Illustration by NREL
Institutions can sync the I2SL Laboratory Benchmarking Tool (LBT) with benchmarking data from ENERGY STAR Portfolio Manager and contribute to the tool's peer-group database of owner-submitted data from an ever-growing number of lab facilities. The tool allows institutions to:
- Compare the energy use of lab buildings with that of similar facilities in the U.S.
- Compare energy use intensity (EUI) based on square footage.
- Verify intended savings are met using data from the energy management information system.
Performance Management Plan
The performance management plan is developed to provide information, procedures, and tools to enable the facility to manage and maintain performance. The plan describes how activities of different stakeholders and departments are coordinated and integrated to manage performance. The plan provides a means to cost effectively maintain performance and ensure a return on investment. A beneficial management plan can include predictive maintenance, in which case a laboratory becomes proactive rather than reactive with maintenance. This management style relies on predictive fault and failure analysis. Predictive fault and failure analysis allows a software system to track when a fault might happen by alerting the facility. An example of this would be a vibration sensor on a bearing.
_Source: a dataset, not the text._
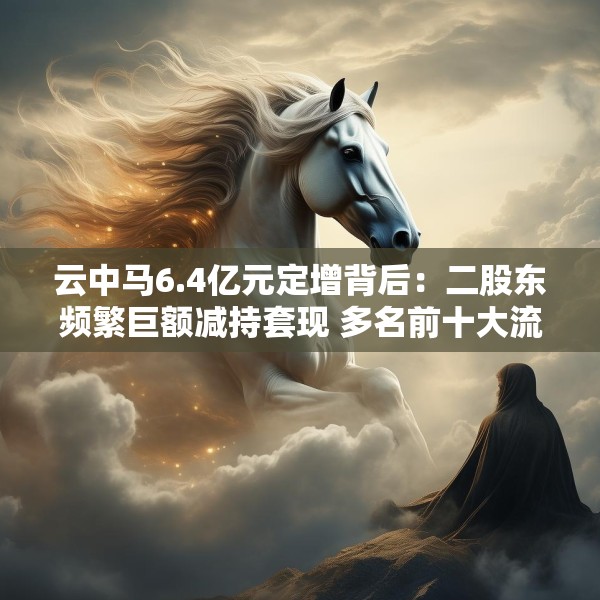 云中马6.4亿元定增背后：二股东频繁巨额减持套现 多名前十大流通股东加速离场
Once the vibrations reach a certain level, the bearing is likely to fail so it should be inspected or replaced.
Deliverable: Building Management Plan
The building management plan (BMP) is the building's user's manual for how to operate and manage laboratory ventilation systems and exposure control devices. Most of the information comprising the BMP has been collected and developed during the assessment and optimization phases of the Smart Labs process. Materials contained in the BMP must be stored such that staff has access to the documentation, but controls are in place to limit the ability to modify contents without proper authorization.
Components of the BMP include but are not limited to:
- Individual building documentation
- Documentation for new baselines
- Images from BAS depicting system operating levels
- Information graphics and reports
- Accurate floor plans and system line diagrams
- Equipment inventories
- Maintenance database and schedules
- Lab ventilation risk matrices
- Up-to-date airflow specifications
- Control sequences and parameters
- Key performance indicators and metrics
- Standard operating procedures for tests, maintenance, and schedules
- Change management
- Training for stakeholders and staff
For continuity, the BMP places responsibilities on institutional positions rather than specific named staff to transcend changes or turnover of personnel.